The task calls for every line of the data to be retyped exactly.

Entries provided Block Start

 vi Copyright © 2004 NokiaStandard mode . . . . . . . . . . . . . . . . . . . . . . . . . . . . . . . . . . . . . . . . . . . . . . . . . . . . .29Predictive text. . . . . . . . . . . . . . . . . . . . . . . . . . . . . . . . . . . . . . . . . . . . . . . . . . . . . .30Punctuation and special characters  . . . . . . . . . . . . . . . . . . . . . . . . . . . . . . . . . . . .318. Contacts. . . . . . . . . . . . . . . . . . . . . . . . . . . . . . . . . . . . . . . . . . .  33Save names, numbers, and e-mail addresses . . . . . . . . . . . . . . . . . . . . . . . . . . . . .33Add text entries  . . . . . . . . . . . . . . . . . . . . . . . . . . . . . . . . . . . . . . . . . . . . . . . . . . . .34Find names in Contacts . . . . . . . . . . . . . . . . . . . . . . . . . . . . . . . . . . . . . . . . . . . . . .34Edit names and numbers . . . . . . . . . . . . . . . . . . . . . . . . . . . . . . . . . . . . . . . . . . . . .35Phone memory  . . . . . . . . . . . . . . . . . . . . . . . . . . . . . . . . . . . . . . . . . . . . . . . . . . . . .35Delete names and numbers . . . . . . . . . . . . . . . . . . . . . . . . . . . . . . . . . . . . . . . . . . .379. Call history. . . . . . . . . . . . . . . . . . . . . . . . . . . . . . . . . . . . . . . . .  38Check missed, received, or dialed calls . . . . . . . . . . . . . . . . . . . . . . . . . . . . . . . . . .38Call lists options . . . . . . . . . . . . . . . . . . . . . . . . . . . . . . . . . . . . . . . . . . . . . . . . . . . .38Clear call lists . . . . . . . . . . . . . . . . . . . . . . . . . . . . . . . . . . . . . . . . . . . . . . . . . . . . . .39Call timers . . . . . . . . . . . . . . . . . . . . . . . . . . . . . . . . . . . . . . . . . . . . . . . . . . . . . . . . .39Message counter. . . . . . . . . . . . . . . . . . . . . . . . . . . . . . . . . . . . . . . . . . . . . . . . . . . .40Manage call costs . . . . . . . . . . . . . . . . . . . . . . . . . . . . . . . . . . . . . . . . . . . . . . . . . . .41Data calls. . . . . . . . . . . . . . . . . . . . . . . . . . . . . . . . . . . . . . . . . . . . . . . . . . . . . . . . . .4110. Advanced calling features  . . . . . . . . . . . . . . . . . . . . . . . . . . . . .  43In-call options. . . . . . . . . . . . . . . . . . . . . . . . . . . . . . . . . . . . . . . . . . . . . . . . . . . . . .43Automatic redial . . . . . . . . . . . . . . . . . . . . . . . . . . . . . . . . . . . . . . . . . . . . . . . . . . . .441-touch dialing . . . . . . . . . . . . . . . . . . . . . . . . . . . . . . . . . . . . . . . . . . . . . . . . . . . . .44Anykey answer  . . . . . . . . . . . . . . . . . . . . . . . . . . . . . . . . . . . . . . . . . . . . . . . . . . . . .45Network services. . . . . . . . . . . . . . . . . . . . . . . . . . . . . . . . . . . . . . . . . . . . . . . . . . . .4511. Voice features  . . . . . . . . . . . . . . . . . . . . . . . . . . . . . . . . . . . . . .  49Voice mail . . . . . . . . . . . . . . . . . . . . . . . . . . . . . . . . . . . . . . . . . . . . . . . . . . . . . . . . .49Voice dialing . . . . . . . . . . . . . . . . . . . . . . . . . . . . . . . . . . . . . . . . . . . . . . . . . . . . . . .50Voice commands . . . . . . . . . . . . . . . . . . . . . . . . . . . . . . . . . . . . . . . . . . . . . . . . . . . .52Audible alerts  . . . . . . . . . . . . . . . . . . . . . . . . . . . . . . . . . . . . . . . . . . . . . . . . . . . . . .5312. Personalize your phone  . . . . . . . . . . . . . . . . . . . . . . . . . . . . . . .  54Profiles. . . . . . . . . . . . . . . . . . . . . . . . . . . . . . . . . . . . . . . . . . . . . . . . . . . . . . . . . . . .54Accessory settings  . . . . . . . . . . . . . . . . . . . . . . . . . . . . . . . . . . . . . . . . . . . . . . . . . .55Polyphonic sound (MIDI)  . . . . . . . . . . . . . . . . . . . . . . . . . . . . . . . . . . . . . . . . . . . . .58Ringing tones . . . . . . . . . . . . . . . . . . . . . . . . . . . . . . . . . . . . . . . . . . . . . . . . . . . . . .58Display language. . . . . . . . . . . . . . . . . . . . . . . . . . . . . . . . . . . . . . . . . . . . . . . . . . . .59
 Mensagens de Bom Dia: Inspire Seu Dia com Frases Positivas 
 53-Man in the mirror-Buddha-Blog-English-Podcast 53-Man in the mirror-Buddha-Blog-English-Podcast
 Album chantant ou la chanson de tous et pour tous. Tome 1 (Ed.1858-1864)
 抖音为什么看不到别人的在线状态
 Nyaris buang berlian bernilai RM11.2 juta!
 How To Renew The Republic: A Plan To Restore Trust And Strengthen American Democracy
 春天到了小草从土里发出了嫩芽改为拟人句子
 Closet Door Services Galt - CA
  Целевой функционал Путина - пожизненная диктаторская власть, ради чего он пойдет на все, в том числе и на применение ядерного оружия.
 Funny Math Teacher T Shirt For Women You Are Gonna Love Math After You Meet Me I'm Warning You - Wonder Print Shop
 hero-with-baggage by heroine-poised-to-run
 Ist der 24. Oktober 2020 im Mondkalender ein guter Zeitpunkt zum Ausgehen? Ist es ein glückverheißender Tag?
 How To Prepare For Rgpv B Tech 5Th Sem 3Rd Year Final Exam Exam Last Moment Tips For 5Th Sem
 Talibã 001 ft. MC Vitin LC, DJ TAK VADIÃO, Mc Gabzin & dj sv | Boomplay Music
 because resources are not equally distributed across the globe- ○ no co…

Entries provided Block End

- **Expected answer**:
 vi Copyright © 2004 NokiaStandard mode . . . . . . . . . . . . . . . . . . . . . . . . . . . . . . . . . . . . . . . . . . . . . . . . . . . . .29Predictive text. . . . . . . . . . . . . . . . . . . . . . . . . . . . . . . . . . . . . . . . . . . . . . . . . . . . . .30Punctuation and special characters  . . . . . . . . . . . . . . . . . . . . . . . . . . . . . . . . . . . .318. Contacts. . . . . . . . . . . . . . . . . . . . . . . . . . . . . . . . . . . . . . . . . . .  33Save names, numbers, and e-mail addresses . . . . . . . . . . . . . . . . . . . . . . . . . . . . .33Add text entries  . . . . . . . . . . . . . . . . . . . . . . . . . . . . . . . . . . . . . . . . . . . . . . . . . . . .34Find names in Contacts . . . . . . . . . . . . . . . . . . . . . . . . . . . . . . . . . . . . . . . . . . . . . .34Edit names and numbers . . . . . . . . . . . . . . . . . . . . . . . . . . . . . . . . . . . . . . . . . . . . .35Phone memory  . . . . . . . . . . . . . . . . . . . . . . . . . . . . . . . . . . . . . . . . . . . . . . . . . . . . .35Delete names and numbers . . . . . . . . . . . . . . . . . . . . . . . . . . . . . . . . . . . . . . . . . . .379. Call history. . . . . . . . . . . . . . . . . . . . . . . . . . . . . . . . . . . . . . . . .  38Check missed, received, or dialed calls . . . . . . . . . . . . . . . . . . . . . . . . . . . . . . . . . .38Call lists options . . . . . . . . . . . . . . . . . . . . . . . . . . . . . . . . . . . . . . . . . . . . . . . . . . . .38Clear call lists . . . . . . . . . . . . . . . . . . . . . . . . . . . . . . . . . . . . . . . . . . . . . . . . . . . . . .39Call timers . . . . . . . . . . . . . . . . . . . . . . . . . . . . . . . . . . . . . . . . . . . . . . . . . . . . . . . . .39Message counter. . . . . . . . . . . . . . . . . . . . . . . . . . . . . . . . . . . . . . . . . . . . . . . . . . . .40Manage call costs . . . . . . . . . . . . . . . . . . . . . . . . . . . . . . . . . . . . . . . . . . . . . . . . . . .41Data calls. . . . . . . . . . . . . . . . . . . . . . . . . . . . . . . . . . . . . . . . . . . . . . . . . . . . . . . . . .4110. Advanced calling features  . . . . . . . . . . . . . . . . . . . . . . . . . . . . .  43In-call options. . . . . . . . . . . . . . . . . . . . . . . . . . . . . . . . . . . . . . . . . . . . . . . . . . . . . .43Automatic redial . . . . . . . . . . . . . . . . . . . . . . . . . . . . . . . . . . . . . . . . . . . . . . . . . . . .441-touch dialing . . . . . . . . . . . . . . . . . . . . . . . . . . . . . . . . . . . . . . . . . . . . . . . . . . . . .44Anykey answer  . . . . . . . . . . . . . . . . . . . . . . . . . . . . . . . . . . . . . . . . . . . . . . . . . . . . .45Network services. . . . . . . . . . . . . . . . . . . . . . . . . . . . . . . . . . . . . . . . . . . . . . . . . . . .4511. Voice features  . . . . . . . . . . . . . . . . . . . . . . . . . . . . . . . . . . . . . .  49Voice mail . . . . . . . . . . . . . . . . . . . . . . . . . . . . . . . . . . . . . . . . . . . . . . . . . . . . . . . . .49Voice dialing . . . . . . . . . . . . . . . . . . . . . . . . . . . . . . . . . . . . . . . . . . . . . . . . . . . . . . .50Voice commands . . . . . . . . . . . . . . . . . . . . . . . . . . . . . . . . . . . . . . . . . . . . . . . . . . . .52Audible alerts  . . . . . . . . . . . . . . . . . . . . . . . . . . . . . . . . . . . . . . . . . . . . . . . . . . . . . .5312. Personalize your phone  . . . . . . . . . . . . . . . . . . . . . . . . . . . . . . .  54Profiles. . . . . . . . . . . . . . . . . . . . . . . . . . . . . . . . . . . . . . . . . . . . . . . . . . . . . . . . . . . .54Accessory settings  . . . . . . . . . . . . . . . . . . . . . . . . . . . . . . . . . . . . . . . . . . . . . . . . . .55Polyphonic sound (MIDI)  . . . . . . . . . . . . . . . . . . . . . . . . . . . . . . . . . . . . . . . . . . . . .58Ringing tones . . . . . . . . . . . . . . . . . . . . . . . . . . . . . . . . . . . . . . . . . . . . . . . . . . . . . .58Display language. . . . . . . . . . . . . . . . . . . . . . . . . . . . . . . . . . . . . . . . . . . . . . . . . . . .59
 Mensagens de Bom Dia: Inspire Seu Dia com Frases Positivas 
 53-Man in the mirror-Buddha-Blog-English-Podcast 53-Man in the mirror-Buddha-Blog-English-Podcast
 Album chantant ou la chanson de tous et pour tous. Tome 1 (Ed.1858-1864)
 抖音为什么看不到别人的在线状态
 Nyaris buang berlian bernilai RM11.2 juta!
 How To Renew The Republic: A Plan To Restore Trust And Strengthen American Democracy
 春天到了小草从土里发出了嫩芽改为拟人句子
 Closet Door Services Galt - CA
  Целевой функционал Путина - пожизненная диктаторская власть, ради чего он пойдет на все, в том числе и на применение ядерного оружия.
 Funny Math Teacher T Shirt For Women You Are Gonna Love Math After You Meet Me I'm Warning You - Wonder Print Shop
 hero-with-baggage by heroine-poised-to-run
 Ist der 24. Oktober 2020 im Mondkalender ein guter Zeitpunkt zum Ausgehen? Ist es ein glückverheißender Tag?
 How To Prepare For Rgpv B Tech 5Th Sem 3Rd Year Final Exam Exam Last Moment Tips For 5Th Sem
 Talibã 001 ft. MC Vitin LC, DJ TAK VADIÃO, Mc Gabzin & dj sv | Boomplay Music
 because resources are not equally distributed across the globe- ○ no co…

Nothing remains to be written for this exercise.